Task item:
Would you return exactly the lines from the top of the data below through the one containing "Bedroom featuring carpet, ceiling", leaving out the pictures?

Dataset excerpts:

+++

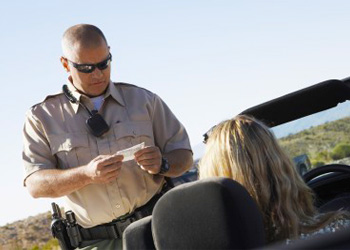 Florida Highway Patrol officer writing speeding ticket to driver on side of the road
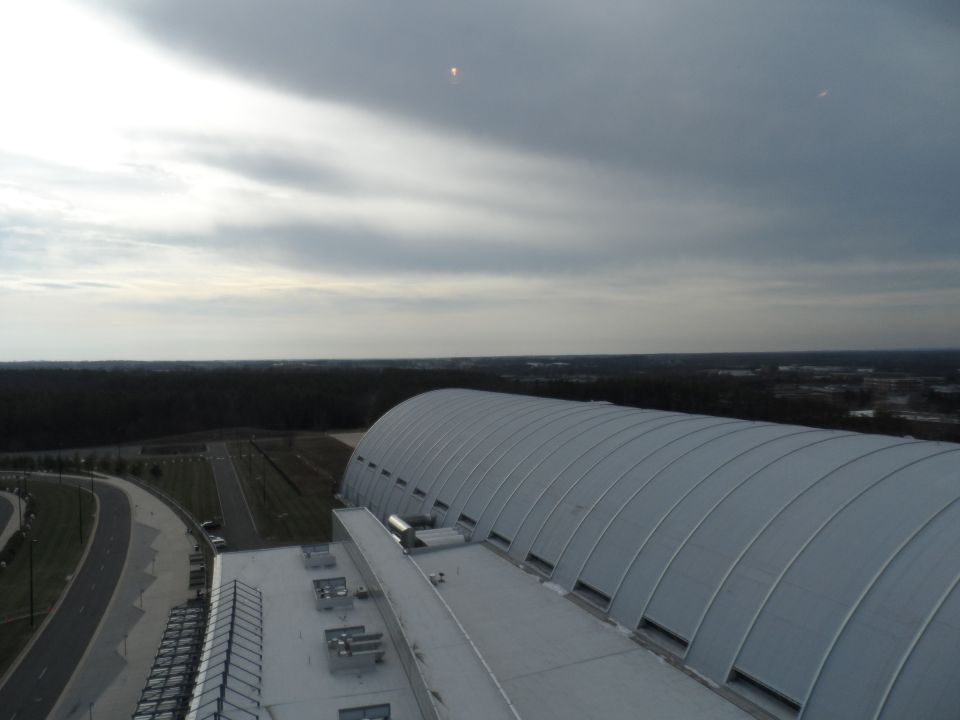 Large arched building with a cloudy sky overhead and a road curving away
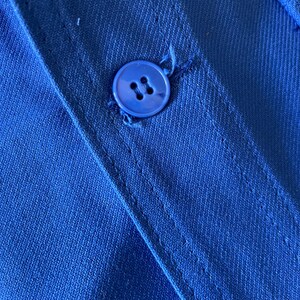 Op de afbeelding: Close-up van een blauwe knoop die op een blauw stoffen shirt is genaaid. De knoop heeft vier gaten.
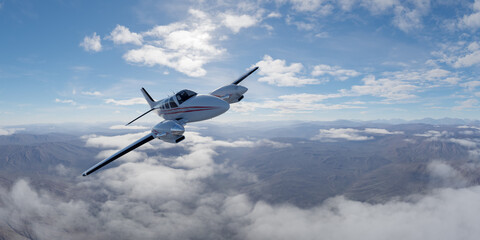 Small Twin-Engine Airplane Flying Over Mountainous Landscape in Clear Skies
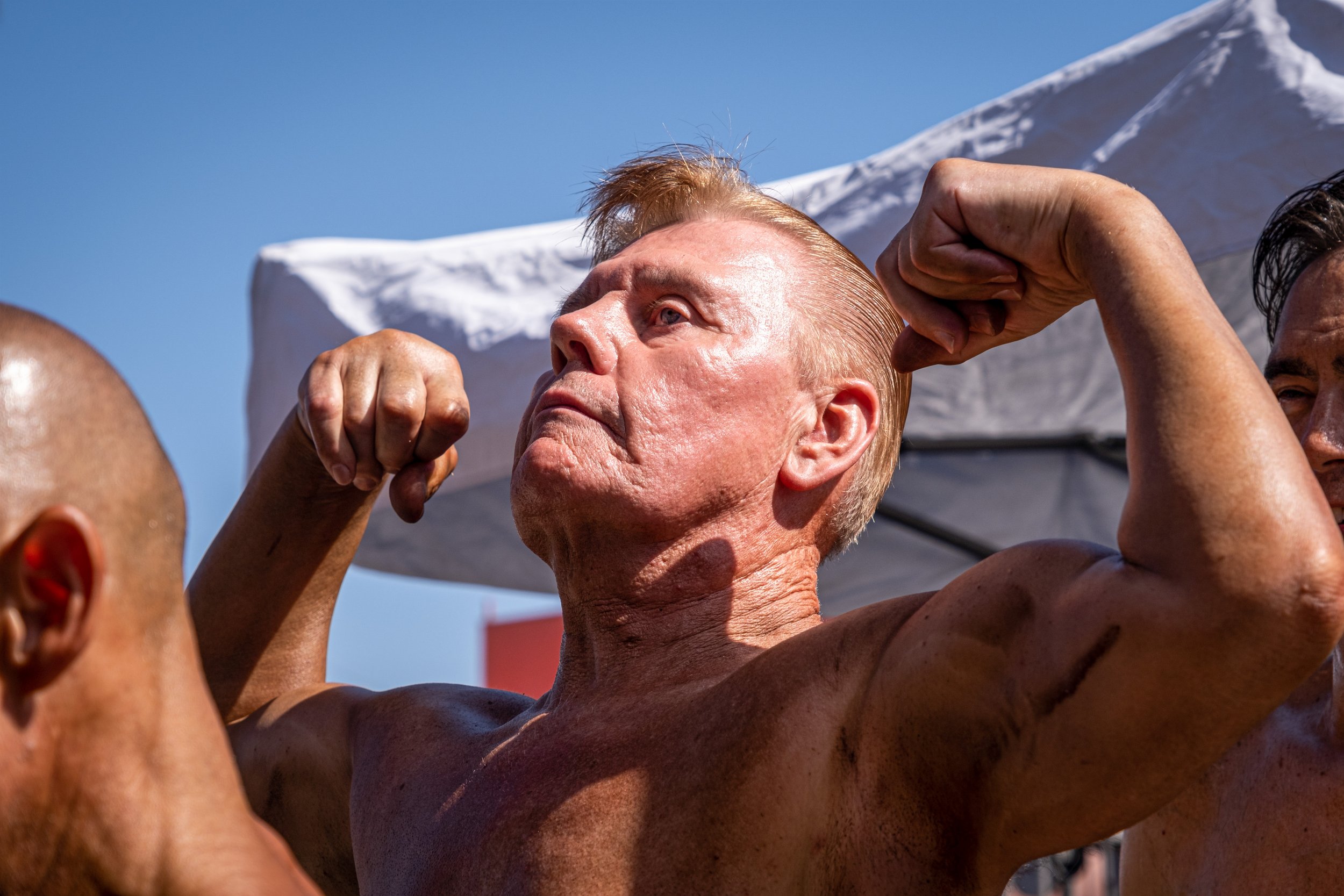  Doug Brolus stands in line to compete in the Master’s Men Over 60 at The Muscle Beach Championship. Brolus used to train with Arnold Schwarzenegger, and still maintains a friendship with him. Venice Beach Recreation Center, in Venice, Calif. on Labo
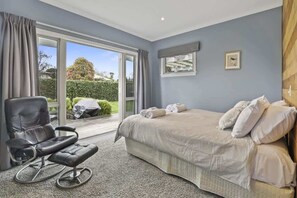 A bedroom with a bed, a chair, a window, and a view of the outdoors.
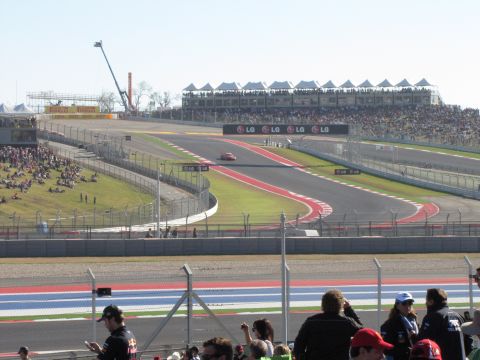 2006 BMW 5 Series - A lone red car navigates a sweeping turn on a race circuit, with crowds in the stands.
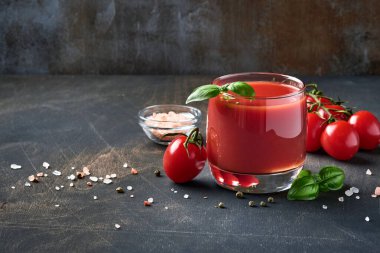 Eski ahşap arka planda bir bardak taze domates suyu, tuz, fesleğen ve domates standı. Kopyalama alanı ile.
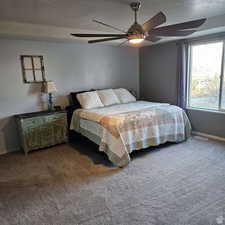 Bedroom featuring carpet, ceiling fan, a textured ceiling, and baseboards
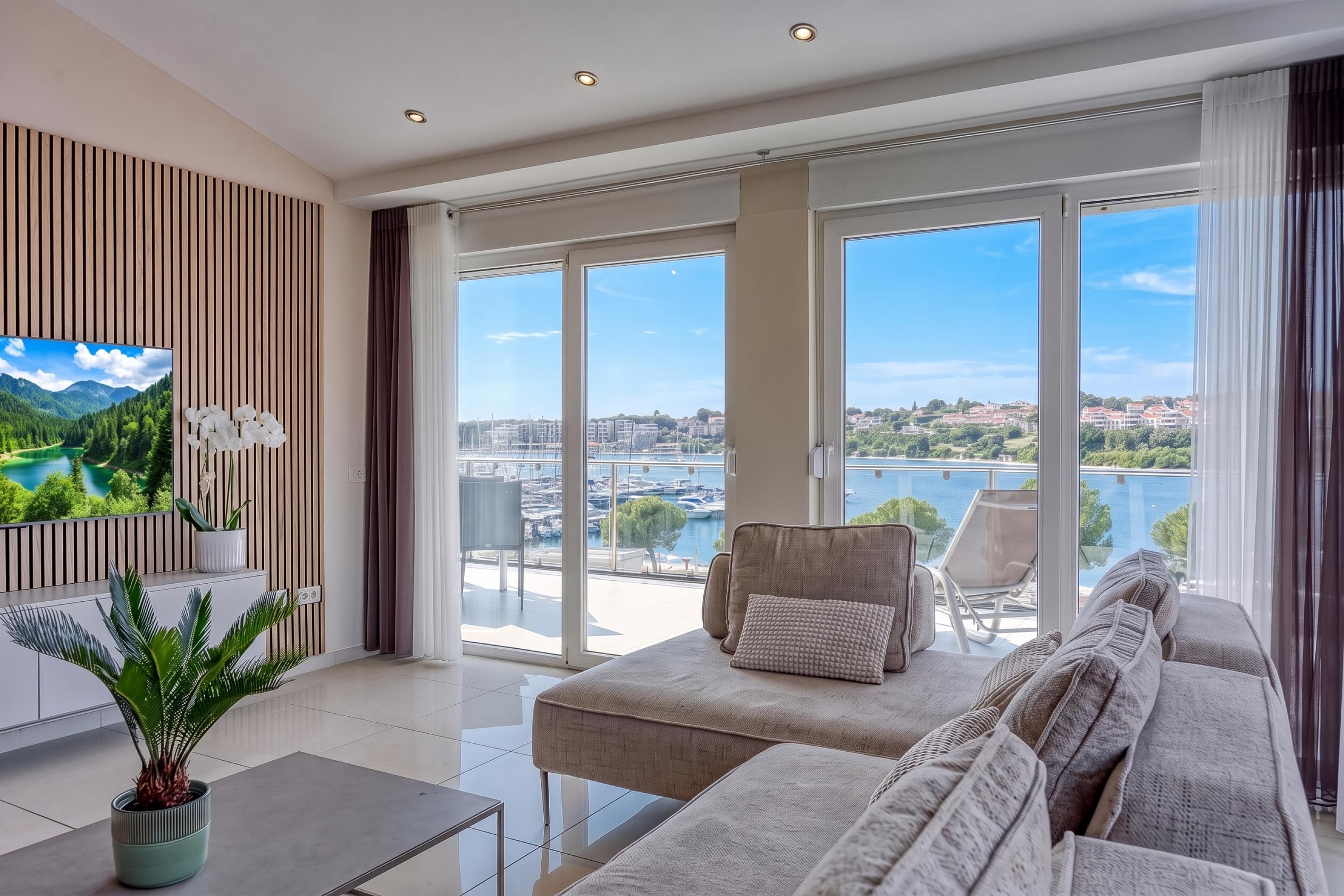 A modern living room with a sofa, chairs, a TV, and a view of a marina and water.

+++

Answer to the problem:
 Florida Highway Patrol officer writing speeding ticket to driver on side of the road
 Large arched building with a cloudy sky overhead and a road curving away
 Op de afbeelding: Close-up van een blauwe knoop die op een blauw stoffen shirt is genaaid. De knoop heeft vier gaten.
 Small Twin-Engine Airplane Flying Over Mountainous Landscape in Clear Skies
  Doug Brolus stands in line to compete in the Master’s Men Over 60 at The Muscle Beach Championship. Brolus used to train with Arnold Schwarzenegger, and still maintains a friendship with him. Venice Beach Recreation Center, in Venice, Calif. on Labo
 A bedroom with a bed, a chair, a window, and a view of the outdoors.
 2006 BMW 5 Series - A lone red car navigates a sweeping turn on a race circuit, with crowds in the stands.
 Eski ahşap arka planda bir bardak taze domates suyu, tuz, fesleğen ve domates standı. Kopyalama alanı ile.
 Bedroom featuring carpet, ceiling fan, a textured ceiling, and baseboards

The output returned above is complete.